Alternative Affinity Methods

  • Ligand Binding: Other proteins can be purified by using resins with ligands that selectively bind the target protein.

Considerations for Histidine Tagging

  • Protein Folding: Adding a tag can sometimes affect protein folding and function.

  • N or C Terminus: Tags are typically added to either the N-terminus or C-terminus.

  • Trial and Error: It is common to test both N- and C-terminal tags to determine which works best for a given protein.

  • Location of Tag: The success of tagging depends on the three-dimensional structure of the protein; exposed tags are more likely to be functional. AlphaFold can be used to predict the likelihood of successful tagging.

Tag Addition during PCR

  • PCR Primers: Primers with 5' extensions (up to 40-45 base pairs) can be used to add the His-tag sequence during PCR.

Analyzing Proteins: SDS-PAGE and Western Blotting

SDS-PAGE

SDS-PAGE separates proteins based on size using a gel matrix and SDS (sodium dodecyl sulfate), a detergent that denatures proteins and provides a uniform charge per size.

  • SDS Structure: SDS has a hydrophobic tail (12 carbons) and a negatively charged sulfate head group.

  • Mechanism: SDS unfolds proteins by interacting with hydrophobic amino acids and coats the protein with negative charges.

Illustration of SDS interacting with a protein, unfolding and coating it with negative charges.

  • Procedure:

    1. Sample Preparation: Proteins are mixed with SDS.

    2. Gel Electrophoresis: The sample is loaded onto a gel, and an electric field is applied.

    3. Migration: Proteins migrate through the gel based on size, with smaller proteins moving faster.

    4. Staining: The gel is stained with Coomassie blue to visualize the protein bands.

  • Coomassie Blue: Binds to charged amino acids, allowing visualization of protein bands.

  • Gel Matrix: The gel provides a tortuous path for protein migration.

  • Size Separation: The smallest proteins reach the bottom, while the largest remain at the top.

By comparing with the SDS-PAGE, in gel filtration the larger proteins elute faster because those resins have big pores. For the SDS-PAGE, there is no such thing as the pores, so small proteins wiggle their way faster than large ones and go to the bottom of the gel faster.

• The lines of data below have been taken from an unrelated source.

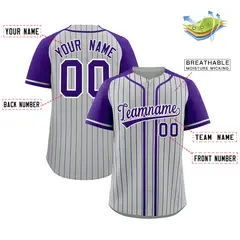 Gray Purple Stripe Raglan Sleeves Fashion Baseball Jersey 2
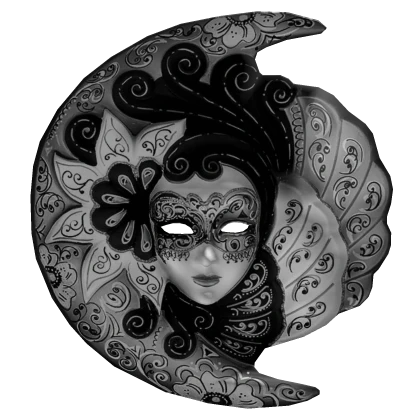 Venetian Black Crescent Moon Masquerade Mask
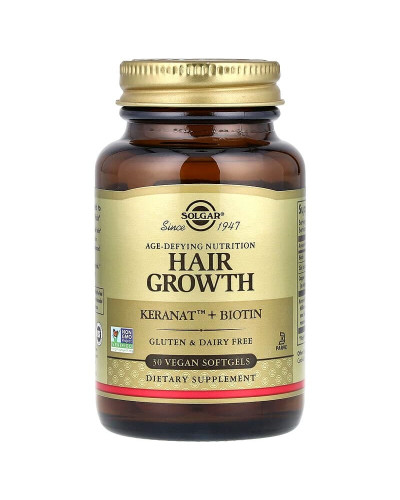 Засіб для росту волосся, Age-Defying Nutrition, Hair Growth, Solgar, 30 веганських капсул Засіб для росту волосся, Age-Defying Nutrition, Hair Growth, Solgar, 30 веганських капсул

Western Blotting (Immunoblotting)

Western blotting is used to selectively visualize a specific protein using antibodies.

  • Procedure:

    1. Transfer: Proteins from the SDS-PAGE gel are transferred to a nitrocellulose membrane using an electric field.

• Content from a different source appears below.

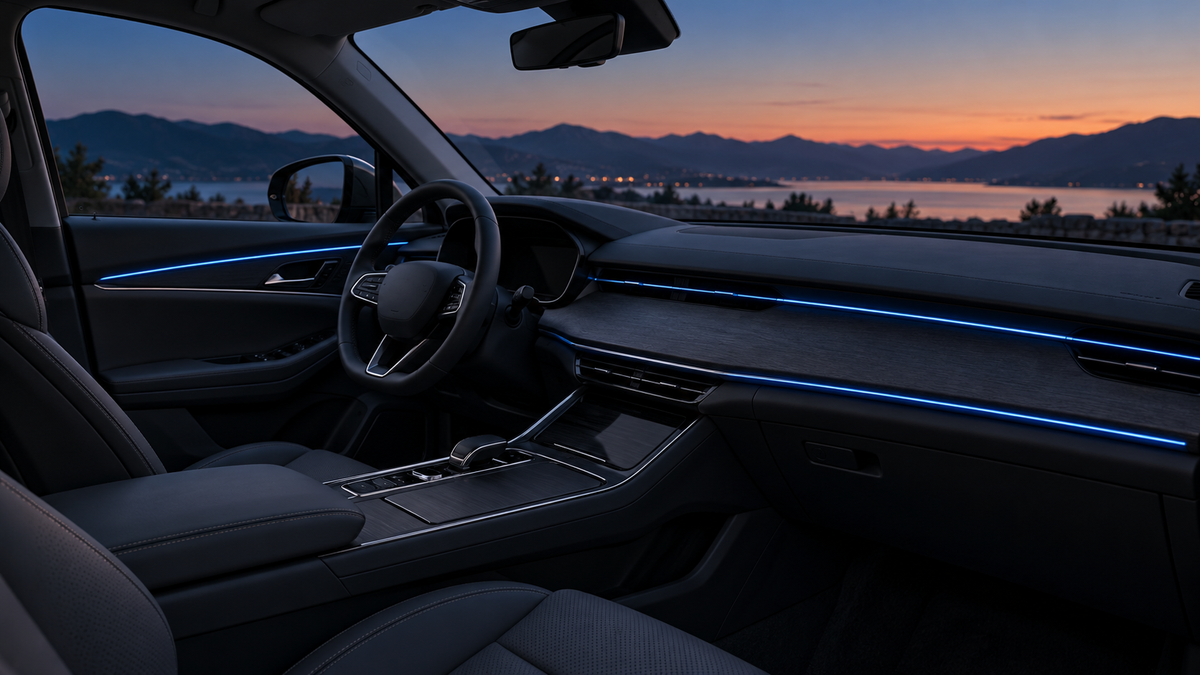 Subtle blue fiber optic accent lighting along a parked car dashboard and door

    2. Blocking: The membrane is blocked with a protein-rich solution (e.g., milk powder) to prevent non-specific antibody binding.

    3. Primary Antibody Incubation: The membrane is incubated with a primary antibody that specifically recognizes the target protein.

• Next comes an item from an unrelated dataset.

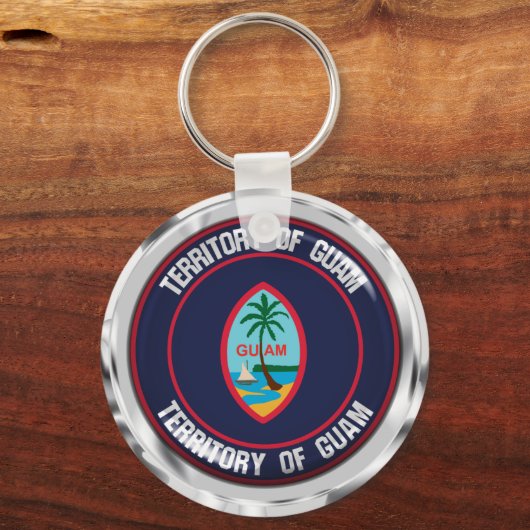 グアムラウンドエンブレム キーホルダー (正面)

    4. Washing: The membrane is washed to remove unbound antibody.

    5. Secondary Antibody Incubation: The membrane is incubated with a secondary antibody that recognizes the primary antibody and is conjugated to an enzyme.

    6. Washing: The membrane is washed to remove unbound secondary antibody.

    7. Detection: The enzyme substrate is added, producing a detectable signal (e.g., chemiluminescence) at the location of the target protein.

  • Antibodies: The primary antibody selectively binds the protein of interest, then the secondary antibody is conjugated to an enzyme, catalyzing a reaction. To selectively visualize beta proteins.

Illustration showing the steps of a western blot: transfer, blocking, primary antibody binding, secondary antibody binding, and detection.

  • Benefits:

    • Selectivity: The technique allows for the selective visualization of a single protein in a complex mixture.

    • Size Determination: It provides information about the size of the protein.

    • Relative Quantification: It allows for relative quantification of the protein.

The western blot does not depend on the activity of the proteins like the Elijah method, but does depend on having an antibody to work with. Usually those antibodies are easy to order.